LOS ANGELES, CA.- Manny Silverman Gallery is again presenting an exhibition of the work of internationally celebrated artist Joan Mitchell. The exhibition includes approximately 20 works on canvas and paper spanning her career from the early 1950s through the mid 1980s.

An important figure in the American Abstract Expressionist movement, Mitchell considered herself a landscape painter, although she did not paint directly from nature and none of her images are readable as direct landscapes. She said she painted from memory and sought to capture the feelings evoked by a particular view. Her goal was to transform her strong physical and emotional responses toward natural phenomena into canvases of enormous energy, light and color. Like no other Abstract Expressionist painter, Mitchell was a master of color. The light emanated from within her canvases, reflected from the brilliant primer beneath the oil. Mitchell titled her paintings after completion. They had personal meaning to her, echoing moods and thoughts. Sometimes, close friends, poets, dogs are commemorated. Rarely, however, do titles reflect the source of inspiration, unless they refer specifically to natural subjects such as flowers, trees, fields or water.
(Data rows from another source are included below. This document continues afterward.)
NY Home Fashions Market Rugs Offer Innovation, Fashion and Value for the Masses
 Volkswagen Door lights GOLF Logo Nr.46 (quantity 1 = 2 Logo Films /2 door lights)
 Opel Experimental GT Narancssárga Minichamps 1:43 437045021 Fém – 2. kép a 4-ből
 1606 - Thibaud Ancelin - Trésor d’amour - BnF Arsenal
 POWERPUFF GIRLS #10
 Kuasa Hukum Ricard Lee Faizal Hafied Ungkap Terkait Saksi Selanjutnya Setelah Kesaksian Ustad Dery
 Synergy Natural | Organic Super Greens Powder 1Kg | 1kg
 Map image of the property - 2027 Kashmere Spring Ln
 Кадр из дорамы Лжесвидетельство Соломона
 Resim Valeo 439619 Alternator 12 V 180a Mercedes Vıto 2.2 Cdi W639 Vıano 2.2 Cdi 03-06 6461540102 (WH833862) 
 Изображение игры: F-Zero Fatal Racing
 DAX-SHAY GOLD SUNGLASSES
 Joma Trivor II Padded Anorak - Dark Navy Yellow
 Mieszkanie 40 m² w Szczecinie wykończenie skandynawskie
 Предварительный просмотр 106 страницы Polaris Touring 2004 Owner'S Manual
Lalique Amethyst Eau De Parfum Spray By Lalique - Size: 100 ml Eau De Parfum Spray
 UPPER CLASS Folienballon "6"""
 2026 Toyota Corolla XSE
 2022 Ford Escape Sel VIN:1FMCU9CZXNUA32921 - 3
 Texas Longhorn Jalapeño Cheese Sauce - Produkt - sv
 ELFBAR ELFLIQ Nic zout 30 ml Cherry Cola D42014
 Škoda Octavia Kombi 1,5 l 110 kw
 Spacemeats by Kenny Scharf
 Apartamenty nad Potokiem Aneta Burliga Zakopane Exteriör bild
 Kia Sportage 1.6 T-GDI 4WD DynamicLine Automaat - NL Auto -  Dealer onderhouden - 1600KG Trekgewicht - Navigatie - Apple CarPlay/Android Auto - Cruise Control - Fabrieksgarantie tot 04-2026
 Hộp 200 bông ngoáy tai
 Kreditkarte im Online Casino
Mitchell was born in Chicago, Illinois, in 1925. The daughter of James Herbert and Marion Strobel Mitchell, Joan grew up in a house with a rich appreciation of literature. She studied at Smith College, Massachusetts, The Art Institute of Chicago, and at Columbia University, New York. She received her BFA from the Art Institute in 1947 and was awarded a traveling fellowship which enabled her to visit France, Italy and Spain between 1948 and 49. By the early 1950s, she settled in New York and began painting abstract compositions based on her response to landscape. She soon became accepted as a promising member of the downtown art scene and one of the few women to be admitted to membership in the influential Artist’s Club. In 1951 she participated in the legendary “Ninth Street Show” organized by the Club and then budding art dealer, Leo Castelli. Mitchell quickly gained recognition and exhibited regularly throughout the decade.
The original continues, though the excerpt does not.